##### Material for this exercise #####

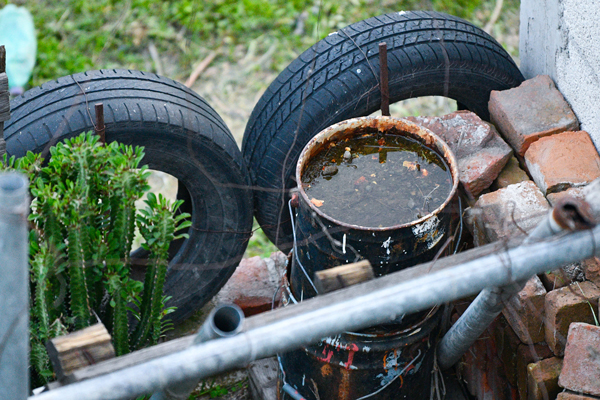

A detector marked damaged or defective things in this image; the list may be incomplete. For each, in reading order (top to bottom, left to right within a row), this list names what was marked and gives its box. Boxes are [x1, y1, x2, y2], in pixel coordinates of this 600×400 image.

rusty metal barrel [280, 116, 460, 400]
rusty nail [552, 196, 596, 231]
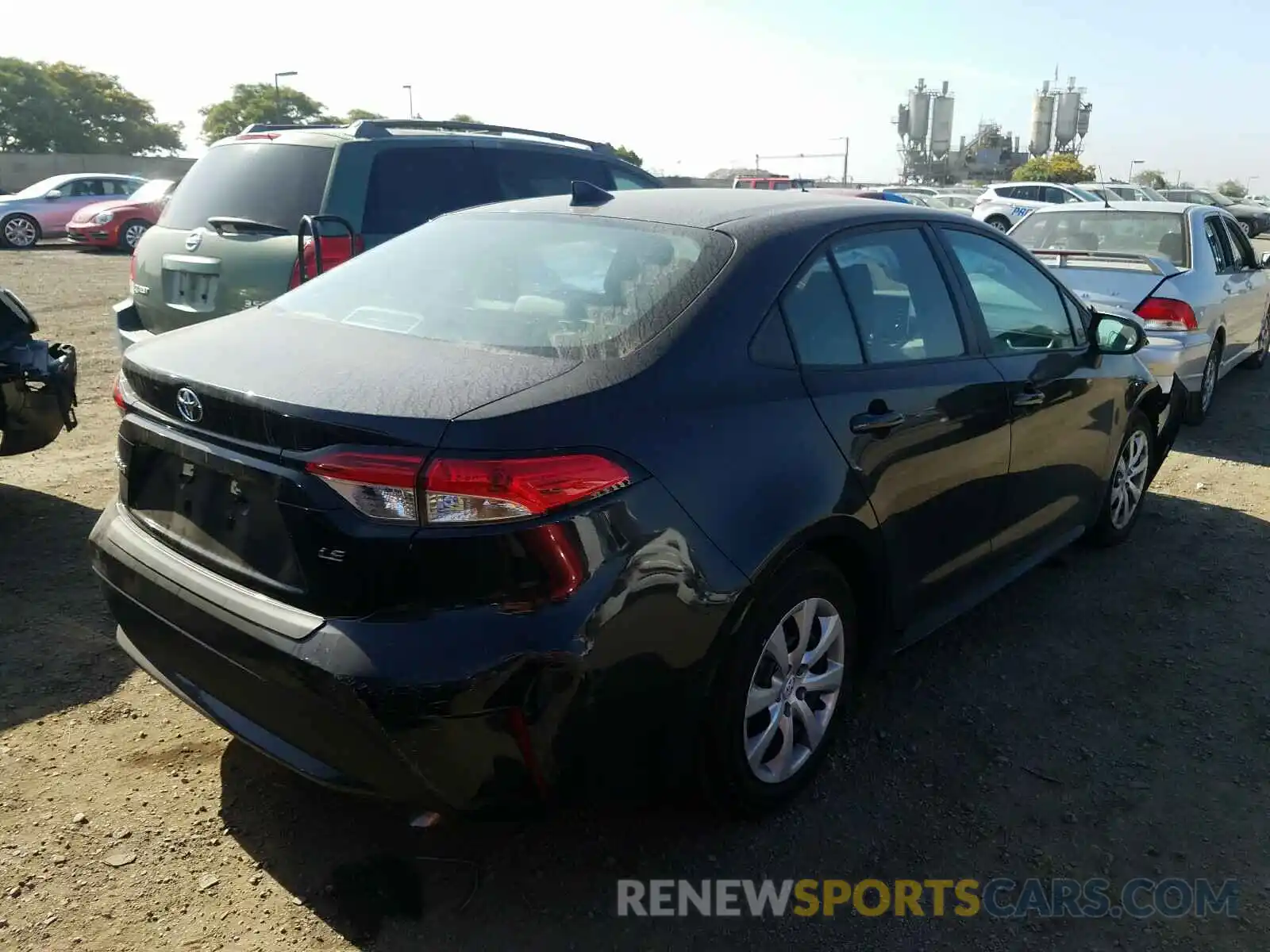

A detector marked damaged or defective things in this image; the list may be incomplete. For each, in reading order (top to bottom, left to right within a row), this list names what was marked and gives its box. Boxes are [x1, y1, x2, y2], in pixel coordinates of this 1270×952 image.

damaged bumper part [0, 289, 79, 457]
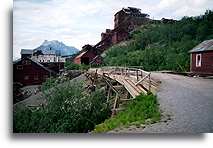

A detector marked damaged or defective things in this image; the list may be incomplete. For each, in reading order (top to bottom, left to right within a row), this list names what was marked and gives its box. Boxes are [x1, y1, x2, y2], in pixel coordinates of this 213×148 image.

rusted industrial building [190, 39, 213, 74]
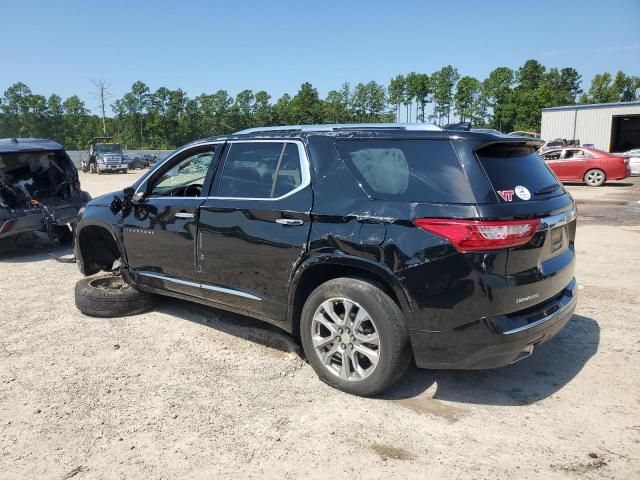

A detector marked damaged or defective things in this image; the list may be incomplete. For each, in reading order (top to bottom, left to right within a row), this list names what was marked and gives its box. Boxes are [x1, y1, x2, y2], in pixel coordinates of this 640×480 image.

damaged car [0, 138, 90, 244]
car body damage [0, 139, 90, 244]
damaged car [72, 123, 576, 394]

#####

### Assignment
Each record should appear again exactly as it stands, with no picture included.

### Expected answer
A detector marked damaged or defective things in this image; the list may be incomplete. For each, in reading order (top to bottom, left to right within a row), this list names what was marked and gives its box. Boxes are [x1, y1, x2, y2], in pixel coordinates of this 600×400 image.

rusty metal barrel [280, 116, 460, 400]
rusty nail [552, 196, 596, 231]

A detector marked damaged or defective things in this image; the list may be incomplete. For each, in reading order (top to bottom, left to right within a row), this list names what was marked and gives its box. Boxes are [x1, y1, x2, y2], in pixel coordinates of this 1270×952 image.

damaged bumper part [0, 289, 79, 457]

A detector marked damaged or defective things in this image; the list may be incomplete. For each, in reading order (top to bottom, left to right within a row), this list names what was marked and gives its box. Boxes are [x1, y1, x2, y2], in pixel coordinates of this 213×148 image.

rusted industrial building [190, 39, 213, 74]

A detector marked damaged or defective things in this image; the list may be incomplete. For each, in reading order (top to bottom, left to right within a row), this list names what was marked and gives its box. Boxes are [x1, y1, x2, y2], in pixel coordinates of this 640×480 image.

damaged car [0, 138, 90, 244]
car body damage [0, 139, 90, 244]
damaged car [72, 123, 576, 394]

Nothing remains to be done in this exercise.